[DATA PROVIDED Boundary: Start]
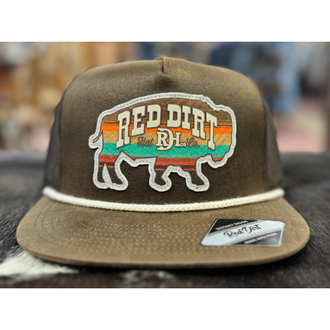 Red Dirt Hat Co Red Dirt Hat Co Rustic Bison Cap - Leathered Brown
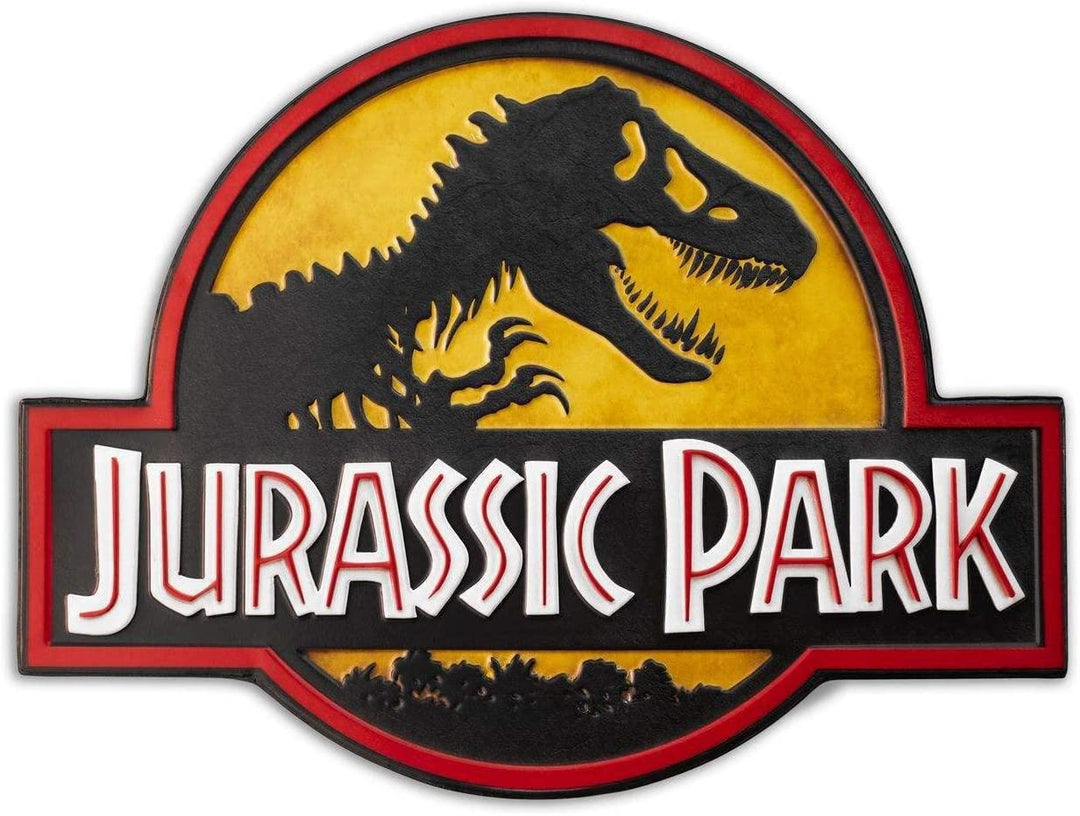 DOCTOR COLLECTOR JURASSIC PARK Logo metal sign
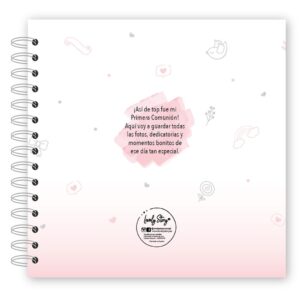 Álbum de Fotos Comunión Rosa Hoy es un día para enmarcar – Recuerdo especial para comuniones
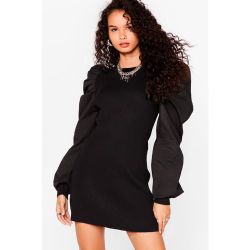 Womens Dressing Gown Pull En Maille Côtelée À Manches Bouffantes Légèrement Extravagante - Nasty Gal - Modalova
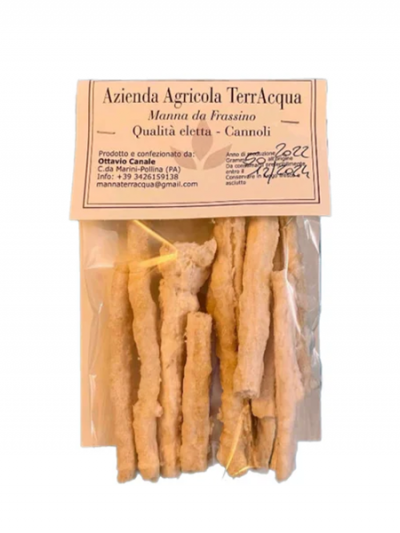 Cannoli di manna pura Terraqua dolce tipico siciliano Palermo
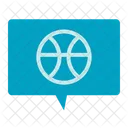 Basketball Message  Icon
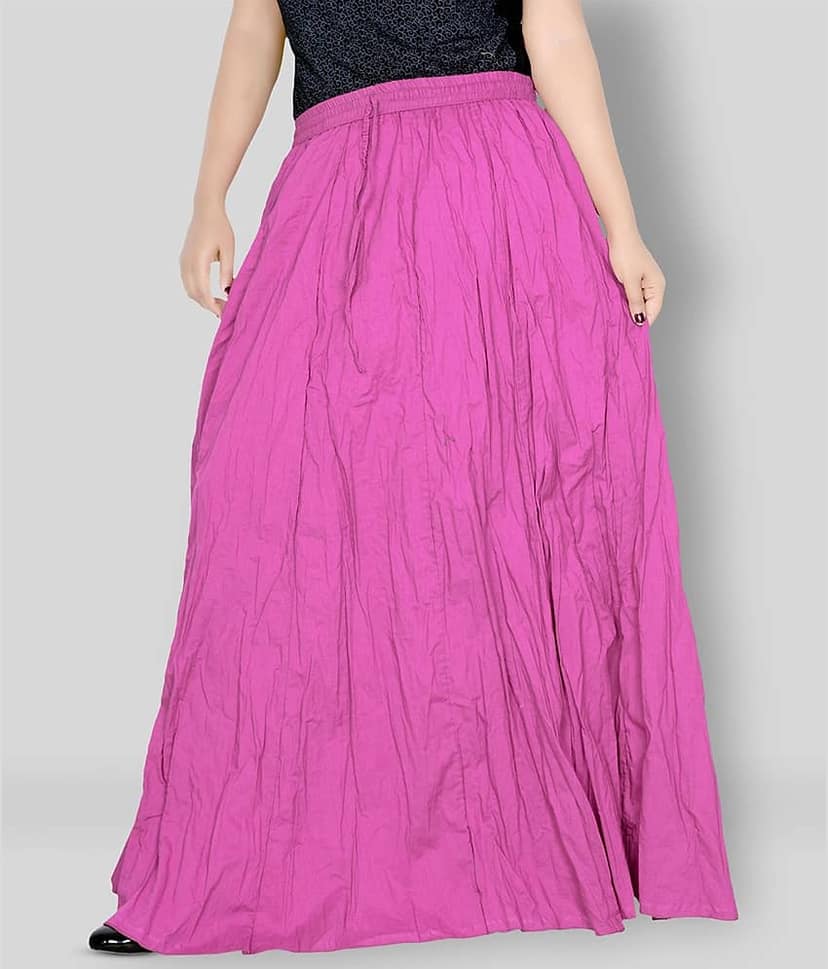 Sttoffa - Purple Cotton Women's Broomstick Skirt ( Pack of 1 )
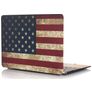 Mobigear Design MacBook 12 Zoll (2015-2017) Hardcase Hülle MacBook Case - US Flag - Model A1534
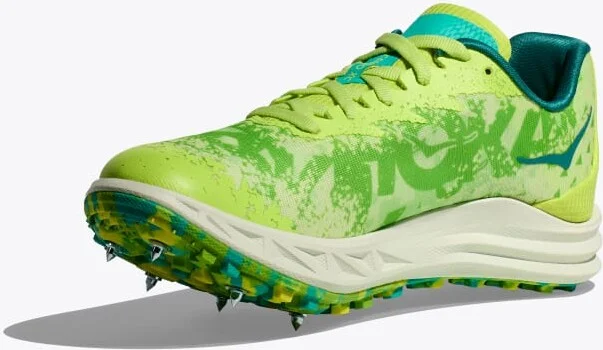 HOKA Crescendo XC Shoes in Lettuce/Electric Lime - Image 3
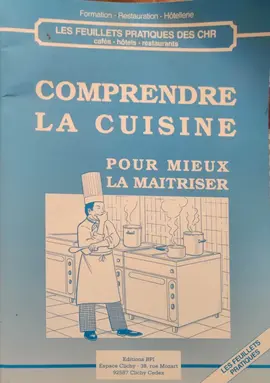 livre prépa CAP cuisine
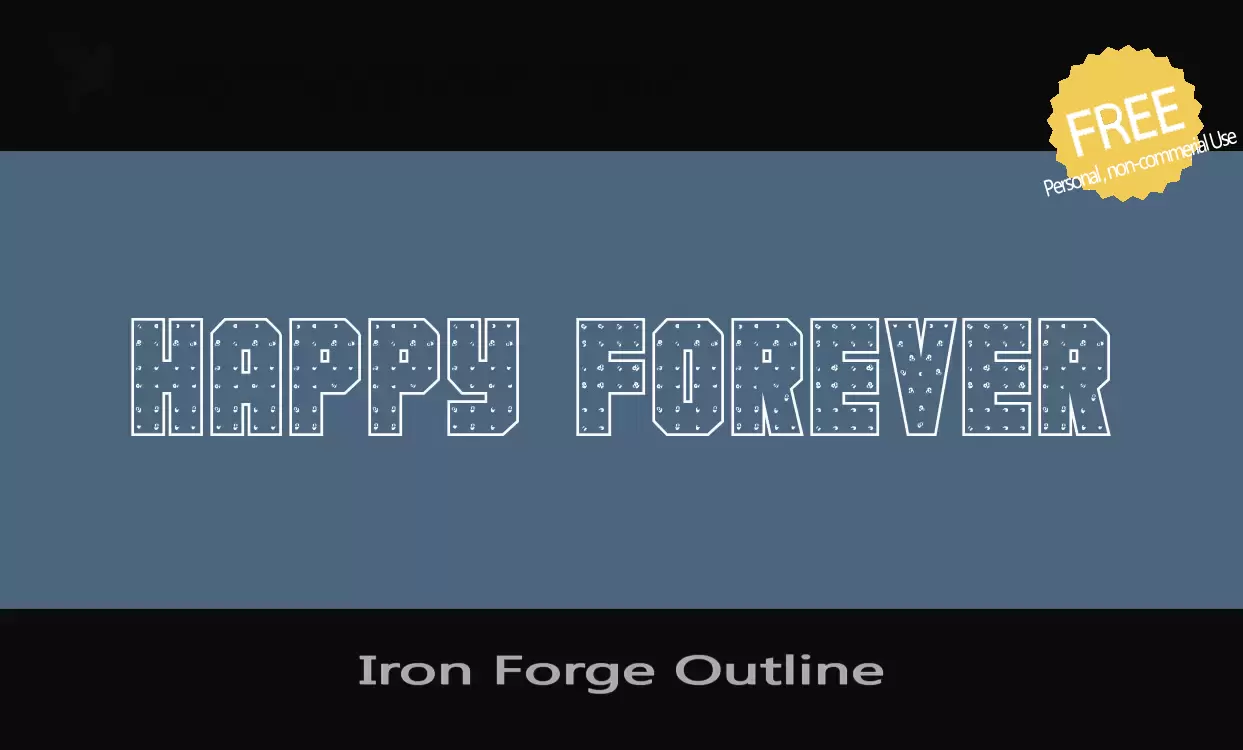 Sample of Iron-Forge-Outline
[DATA PROVIDED Boundary: End]
* WORK TO BE COMPLETED:
Output every line above exactly as it stands, and drop any picture.

* EXERCISE RESULT:
 Red Dirt Hat Co Red Dirt Hat Co Rustic Bison Cap - Leathered Brown
 DOCTOR COLLECTOR JURASSIC PARK Logo metal sign
 Álbum de Fotos Comunión Rosa Hoy es un día para enmarcar – Recuerdo especial para comuniones
 Womens Dressing Gown Pull En Maille Côtelée À Manches Bouffantes Légèrement Extravagante - Nasty Gal - Modalova
 Cannoli di manna pura Terraqua dolce tipico siciliano Palermo
 Basketball Message  Icon
 Sttoffa - Purple Cotton Women's Broomstick Skirt ( Pack of 1 )
 Mobigear Design MacBook 12 Zoll (2015-2017) Hardcase Hülle MacBook Case - US Flag - Model A1534
 HOKA Crescendo XC Shoes in Lettuce/Electric Lime - Image 3
 livre prépa CAP cuisine
 Sample of Iron-Forge-Outline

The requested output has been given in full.